Fannie Mae (FNMA), Freddie Mac (FMCC): New Document Release


A new screenshot floating around Twitter today hints at a new release from Judge Sweeney’s court.  (Edit: Confirmed on Pacer The full exhibit is available here The release is 727 pages and this is just 173 pages of exhibits.). The new documents shine some interesting light into the original government plans for Federal National Mortgage Assctn Fnni Me (OTCMKTS:FNMA), and Federal Home Loan Mortgage Corp (OTCMKTS:FMCC). The document shows a transition timeline which had no net worth sweep but a plan to take the companies private. Clearly the government changed their  plan when it went with the Net Worth Sweep in 2012.
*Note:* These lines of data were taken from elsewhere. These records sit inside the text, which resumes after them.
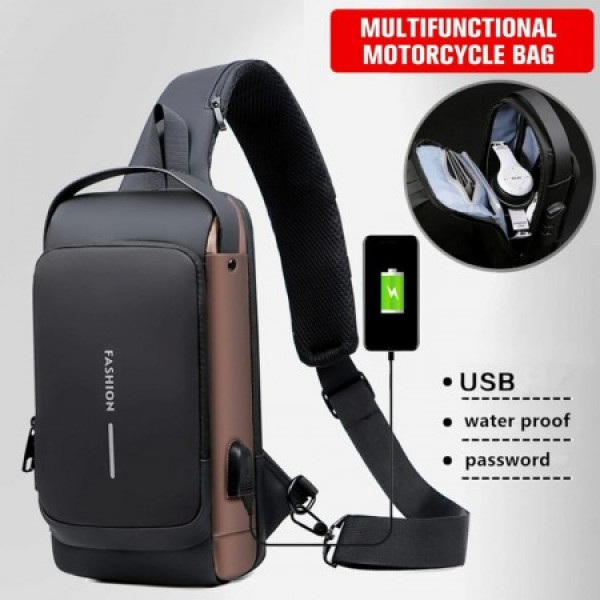 USB Charging Shoulder Bag(Brown)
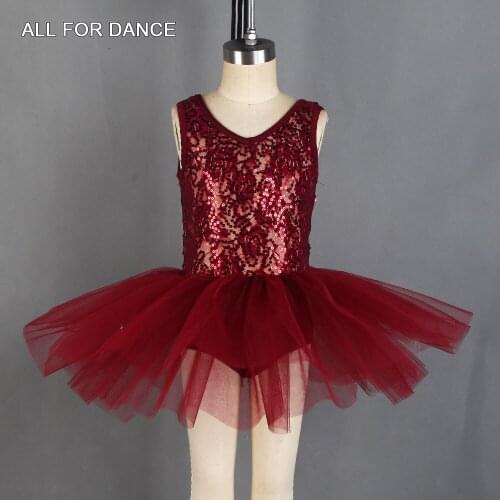 Burgundy Ballet Tutus Red Tutu Dress Girl Kids Ballet Tutu Costume Kids Puffy Tutu Skirt Dress Ballerina Mini Skirts 21235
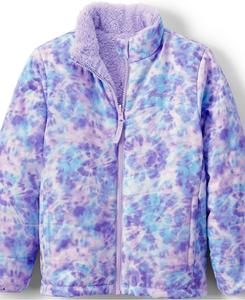 Двусторонняя флисовая пуховая куртка для девочек Lands' End, Lavender tie dye play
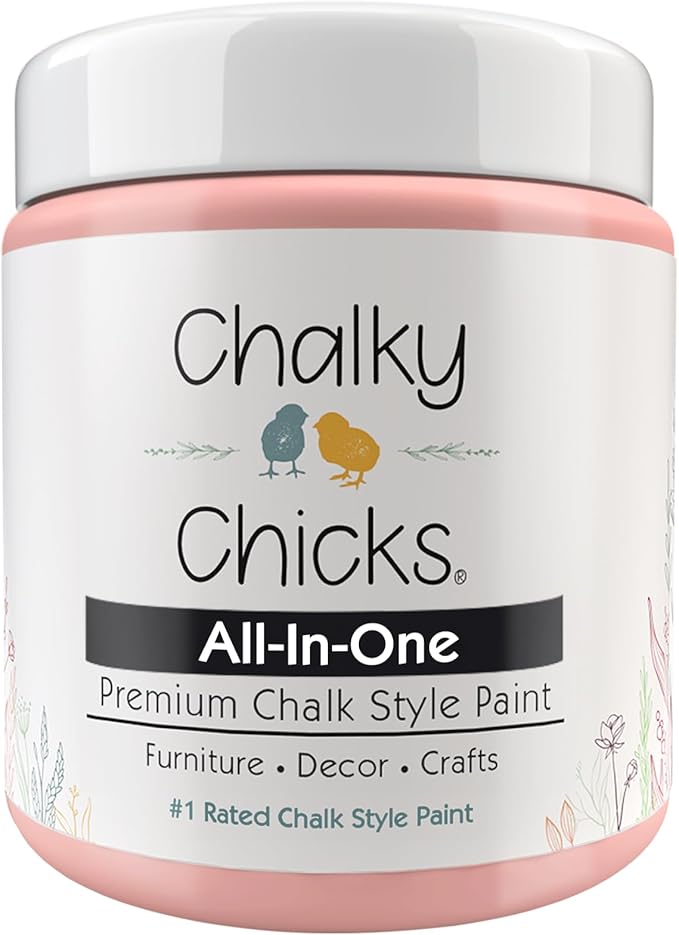 Chalky Chicks 4 Fl Oz Matte Sweet 16 (Pink) Chalk Paint for Furniture Without Sanding - No Prep Furniture Paint No Sanding All in One for Crafts, Wood, Cabinet, Walls, Metal, Dresser, Farmhouse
Plan was supposed to take Fannie and Freddie Private and Out of Conservatorship

The plan would have converted Treasury Preferred to non-cumulative preferred stock, and passed some sort of drafted legislation in 2013. The companies would have been allowed to start building capital in 2014-2015. 2016 would have been a bigger year with the companies leaving conservatorship and the preferred stock being converted to common stock with a full recovery of net cash investment for the Treasury. The companies would have also conducted an equity rights offering to accelerate the Treasury’s repayment. From 2017 to 2020 the Treasury would have divested the remaining amount of their common stock.

Plan would mean dilution for Common Shares

One element to note in this plan is that it would have diluted common holders as the government would have converted its preferred into common shares by 2016 at a valuation that would ensure full recovery of net cash investment for the Treasury. There is no indication as to what the government planned to do with their warrants.

New Question: Why did Government go a new route?

The government clearly had a plan to free both companies from conservatorship and return them back to private ownership. These documents raise the question as to why they decided to audible to enact the Net Worth Sweep and go a different route when they had a very viable plan to free the companies. The new question is why? What we know for sure is it was not motivated by avoidance of a death spiral as was originally fed to us.

Editor’s Note: This document is a part of this exhibit.

Disclaimer: Author has positions in Fannie Mae Preferred, and Freddie Mac Junior Preferred.